The Sydney native elected the ambitious route to build up his rank, as opposed to fellow 20-year-old Alejandro Davidovich, who cemented his improvement by shredding the Challenger Tour. Popyrin played only four such tournaments in 2019. Instead, he chose to grind it out on the main tour, and he was required to play qualifying draws at a whopping 19 events.
While Popyrin led the tour in successful qualifying attempts with 11, he struggled to follow through with main draw wins. Overall, the Aussie obtained 11 main draw victories and 19 losses. However, the match breakdown is as weird as it gets.
Half of his points hail from Grand Slams
In 2019, Popyrin was one of only a select few to win one main draw match at every Major. And he didn’t prey on scrubs, precisely. The world No. 95 defeated the likes of Dominic Thiem, Ugo Humbert, and Pablo Carreño.
As a result, 295 out of Popyrin’s 585 points come from Slams. Plus, if you recall his US Open third round match against Metteo Berrettini, he was close to forcing a fifth set. His racket certainly remembers. Therefore, the point distribution could have been even more skewed.
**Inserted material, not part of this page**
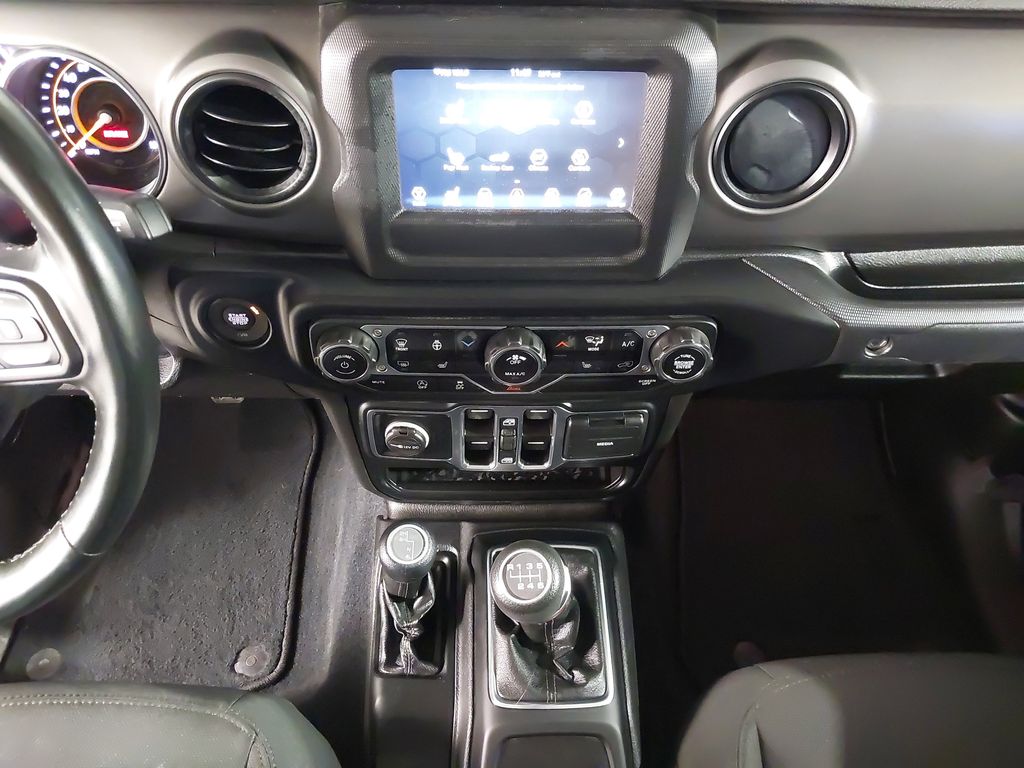 2022 Jeep Gladiator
Including his three wins at Wimbledon qualifying, Popyrin posted a robust 9-4 record at Slams. The fact he managed to amass only five main draw wins across 15 non-Slam events is not only befuddling, but arguably the second biggest tennis mystery of the decade, trailing only Robin Soderling’s retirement-provoking mononucleosis after demolishing David Ferrer 6-2 6-2 at the 2011 Bastad final.
One comparison that comes to mind is Thanasi Kokkinakis’ 2015 campaign. As Ryan Harrison can attest, the injury-prone Australian was a qualifying monster in his age-19 season, going 15-2 throughout the year. But Kokkinakis complemented that with a random run at Indian Wells (90 points) or the Bordeaux title (115 points), the lone Challenger he entered all season. Popyrin, on the other hand, only mustered two wins across four challenger events in 2019.
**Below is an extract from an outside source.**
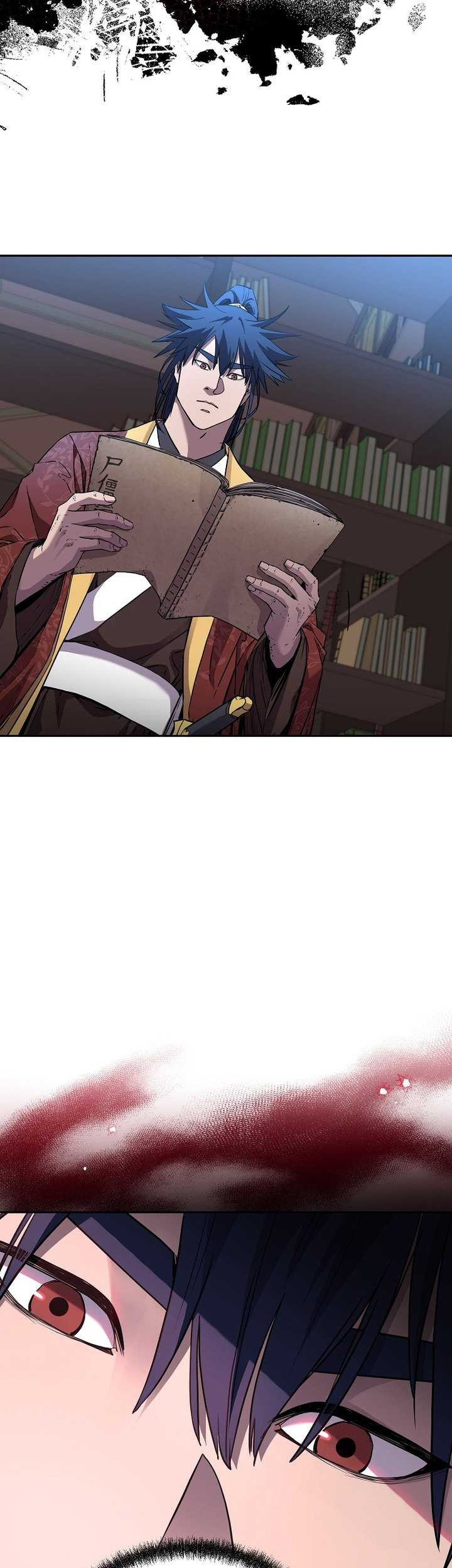 Reincarnation of the Murim Clan’s Former Ranker Chapter 107 - halaman 52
Early in 2020, Popyrin’s gamble to play Doha and Adelaide instead of the Bendigo Challengers did not render positive results. The Aussie failed to add ranking points and is now in real danger of crashing out of the Top 100.
Tsonga, first test in Melbourne
In order to defend the 90 points he collected at the Australian Open last year, Popyrin must reach the round of 32. But the pathway there will be tricky.
Popyrin’s first opponent at Melbourne Park will be former runner-up Jo-Wilfried Tsonga. Should he upset the No. 28 seed, the 20-year-old would face a more winnable second round against Jaume Munar or Hugo Gaston. World No. 4 Daniil Medvedev would presumably be awaiting in the third round and, let’s be real, unless the pollution only affects Russian citizens next weekend, Popyrin is not advancing any further.
For the first time in his career, Popyrin’s ATP ranking might receive a serious setback. But he should not look at the Australian Open as a make or break competition. No matter what happens, he must not fall into despair. Maybe re-evaluate and tweak his schedule a little bit, but that’s it. Bright things are in store.